Burada madene izin verenlerle ürünümüzün değerinde satabilmemizi engelleyenlerin aynı olduğunu biliyoruz. Ürünümüze, emeğimize sahip çıkarken tarım alanlarımızın, ormanlarımızın yok edilmesine, suyumuzun zehirlenmesine karşı mücadelemizi sürdüreceğiz” dedi.

“Birlikte başaracağız”

Sağra birlikte ve dayanışma içinde olanların kazanabileceğini belirterek, “Her türlü olumsuzluğun aşılmasının yolunun birlikte olmaktan, örgütlenmekten ve mücadele etmekten geçtiğini biliyoruz. Tüm dernek, sendika, oda ve partilerle birlikte bu konuda başarı sağlayacağımıza inanıyoruz.

Birlikteliğimizi, dayanışmamızı maden sahasına gelerek haykırmak istedik. Bu işletmelere izin verilmesinde kamu yararı yok; halkın çıkarı yok. Emperyalist işgal var, işgale karşı direnmek haktır. Toprağımıza, suyumuza, havamıza, ormanımıza, deremize sahip çıkmak görevimiz. Yeniden haykırıyoruz ki, birlikte kazanacağız” dedi

“Birlik olursak kazanırız”

Ordu Çevre Derneği Yönetim Kurulu Üyesi, Ekoloji Birliği Eş Sözcüsü Coşkun Özbucak da, “Burada toprağını, suyunu, ürününü korumak isteyenlerin birlikteliği sürüyor. Türkiye’nin her karış toprağı aynı tehdit ve saldırı altında. Tarım arazileri, dereler, ormanlar yok ediliyor. Maden ve enerji politikaları kamu ve ülke yararı gözetilerek yapılmıyor. Ormanlar, dereler, tarım arazileri emperyalist tekeller tarafından yağmalanıyor. En yakınımızdakileri örnek vermek yetiyor. Çarşamba Ovası tehdit altında, Bulancak’ta, Sivas’ta, Gümüşhane’de, Erzincan’da, Artvin’de siyanürle altın ayrıştırma işletmeleri çoğalıyor. Onlar kazanacak diye bizler zehirleniyoruz, göç edilmekle karşı karşıya kalacağız. Bu durumu kabul edemeyiz. Tek vücut olacağız ve kazanacağız. Hem hukuksal hem de fiili mücadeleyi sürdüreceğiz, başka çare yok. Ordu Çevre Derneği olarak şirketin çalışma süresinin dolup dolmadığıyla ilgili Çevre ve Şehircilik İl Müdürlüğüne verdiğimiz yazı Bakanlığa havale edildi. Oradan gelen yanıta göre hukuksal ve fiili mücadelemiz biçimlenecek” dedi.

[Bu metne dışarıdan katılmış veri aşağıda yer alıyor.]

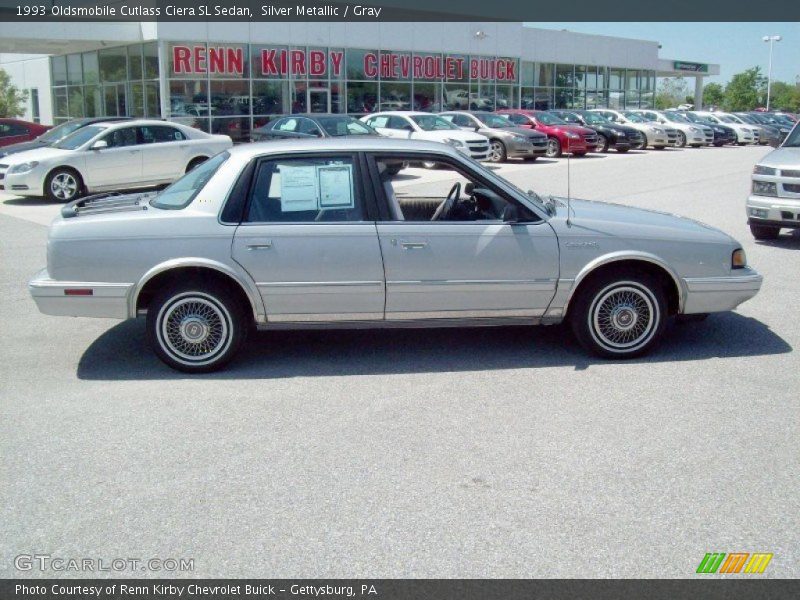 Silver Metallic / Gray 1993 Oldsmobile Cutlass Ciera SL Sedan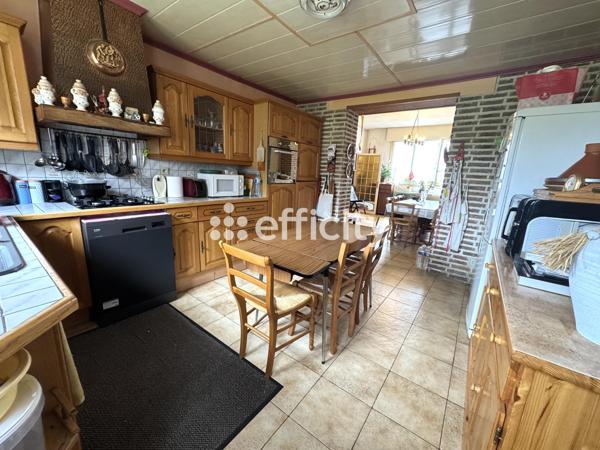 Maison 4 pièces - 138 m² Exclusivité efficity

Maden işletmesine arazisini vermeyen ve ilk günden direnen Cevat Atar ise tepkisini dile getirdi.

Maden sahası bölgesinden olan Cevat Atar ise kendi yaptığı yolun Ordu Büyükşehir Belediyesi tarafından kamulaştırılacak şirketin kullanımına açtı diyerek tepki gösterdi.

Fatsa Doğa ve Çevre Derneği Başkanı Zeki Odabaş da "sebzelerimiz, meyvelerimiz zehirlendi. Pazarda bu yörenin ürünlerini almıyorlar. Yarın fındığımızı da ihraç edemeyeceğiz. Siyanürle zehirleniyoruz. Birlikte olmalıyız" dedi.